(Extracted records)

---

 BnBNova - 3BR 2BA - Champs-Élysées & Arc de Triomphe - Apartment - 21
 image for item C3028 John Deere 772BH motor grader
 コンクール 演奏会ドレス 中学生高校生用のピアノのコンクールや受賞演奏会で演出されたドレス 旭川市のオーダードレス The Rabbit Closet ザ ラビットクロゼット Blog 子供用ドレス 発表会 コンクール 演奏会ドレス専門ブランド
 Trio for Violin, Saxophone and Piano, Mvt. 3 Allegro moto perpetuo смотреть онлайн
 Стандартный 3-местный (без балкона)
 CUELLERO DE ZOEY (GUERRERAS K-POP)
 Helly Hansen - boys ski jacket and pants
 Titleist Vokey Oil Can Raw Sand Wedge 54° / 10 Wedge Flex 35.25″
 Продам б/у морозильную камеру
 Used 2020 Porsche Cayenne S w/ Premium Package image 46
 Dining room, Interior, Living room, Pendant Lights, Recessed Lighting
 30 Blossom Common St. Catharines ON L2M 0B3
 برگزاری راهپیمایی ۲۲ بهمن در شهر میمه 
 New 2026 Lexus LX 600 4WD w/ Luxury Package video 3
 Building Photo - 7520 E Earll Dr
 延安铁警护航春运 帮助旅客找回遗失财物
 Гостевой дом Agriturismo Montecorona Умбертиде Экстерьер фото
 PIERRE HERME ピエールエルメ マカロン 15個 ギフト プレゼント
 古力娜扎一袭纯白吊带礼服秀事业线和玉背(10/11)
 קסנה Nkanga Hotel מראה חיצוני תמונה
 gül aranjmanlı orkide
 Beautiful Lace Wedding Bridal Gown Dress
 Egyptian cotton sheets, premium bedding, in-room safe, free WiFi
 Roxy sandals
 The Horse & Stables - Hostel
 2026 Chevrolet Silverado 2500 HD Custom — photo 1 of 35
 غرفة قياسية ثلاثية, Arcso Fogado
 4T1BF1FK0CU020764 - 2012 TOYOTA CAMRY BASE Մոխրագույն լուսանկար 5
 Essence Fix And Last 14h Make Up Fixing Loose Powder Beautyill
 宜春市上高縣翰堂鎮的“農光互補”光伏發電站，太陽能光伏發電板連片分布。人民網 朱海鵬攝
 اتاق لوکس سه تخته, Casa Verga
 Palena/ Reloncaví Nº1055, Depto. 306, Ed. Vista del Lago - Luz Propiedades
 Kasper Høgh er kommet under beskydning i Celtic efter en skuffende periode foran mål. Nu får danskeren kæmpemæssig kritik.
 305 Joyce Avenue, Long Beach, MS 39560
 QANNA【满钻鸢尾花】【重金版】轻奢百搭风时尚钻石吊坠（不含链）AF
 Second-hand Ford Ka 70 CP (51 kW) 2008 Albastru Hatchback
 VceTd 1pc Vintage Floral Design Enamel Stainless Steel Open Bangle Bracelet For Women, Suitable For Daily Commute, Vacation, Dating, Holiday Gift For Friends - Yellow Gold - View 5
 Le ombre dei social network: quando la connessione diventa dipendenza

---

Directions ▸ Each record above is to be written out again exactly.

Result of the exercise ▸
 BnBNova - 3BR 2BA - Champs-Élysées & Arc de Triomphe - Apartment - 21
 image for item C3028 John Deere 772BH motor grader
 コンクール 演奏会ドレス 中学生高校生用のピアノのコンクールや受賞演奏会で演出されたドレス 旭川市のオーダードレス The Rabbit Closet ザ ラビットクロゼット Blog 子供用ドレス 発表会 コンクール 演奏会ドレス専門ブランド
 Trio for Violin, Saxophone and Piano, Mvt. 3 Allegro moto perpetuo смотреть онлайн
 Стандартный 3-местный (без балкона)
 CUELLERO DE ZOEY (GUERRERAS K-POP)
 Helly Hansen - boys ski jacket and pants
 Titleist Vokey Oil Can Raw Sand Wedge 54° / 10 Wedge Flex 35.25″
 Продам б/у морозильную камеру
 Used 2020 Porsche Cayenne S w/ Premium Package image 46
 Dining room, Interior, Living room, Pendant Lights, Recessed Lighting
 30 Blossom Common St. Catharines ON L2M 0B3
 برگزاری راهپیمایی ۲۲ بهمن در شهر میمه 
 New 2026 Lexus LX 600 4WD w/ Luxury Package video 3
 Building Photo - 7520 E Earll Dr
 延安铁警护航春运 帮助旅客找回遗失财物
 Гостевой дом Agriturismo Montecorona Умбертиде Экстерьер фото
 PIERRE HERME ピエールエルメ マカロン 15個 ギフト プレゼント
 古力娜扎一袭纯白吊带礼服秀事业线和玉背(10/11)
 קסנה Nkanga Hotel מראה חיצוני תמונה
 gül aranjmanlı orkide
 Beautiful Lace Wedding Bridal Gown Dress
 Egyptian cotton sheets, premium bedding, in-room safe, free WiFi
 Roxy sandals
 The Horse & Stables - Hostel
 2026 Chevrolet Silverado 2500 HD Custom — photo 1 of 35
 غرفة قياسية ثلاثية, Arcso Fogado
 4T1BF1FK0CU020764 - 2012 TOYOTA CAMRY BASE Մոխրագույն լուսանկար 5
 Essence Fix And Last 14h Make Up Fixing Loose Powder Beautyill
 宜春市上高縣翰堂鎮的“農光互補”光伏發電站，太陽能光伏發電板連片分布。人民網 朱海鵬攝
 اتاق لوکس سه تخته, Casa Verga
 Palena/ Reloncaví Nº1055, Depto. 306, Ed. Vista del Lago - Luz Propiedades
 Kasper Høgh er kommet under beskydning i Celtic efter en skuffende periode foran mål. Nu får danskeren kæmpemæssig kritik.
 305 Joyce Avenue, Long Beach, MS 39560
 QANNA【满钻鸢尾花】【重金版】轻奢百搭风时尚钻石吊坠（不含链）AF
 Second-hand Ford Ka 70 CP (51 kW) 2008 Albastru Hatchback
 VceTd 1pc Vintage Floral Design Enamel Stainless Steel Open Bangle Bracelet For Women, Suitable For Daily Commute, Vacation, Dating, Holiday Gift For Friends - Yellow Gold - View 5
 Le ombre dei social network: quando la connessione diventa dipendenza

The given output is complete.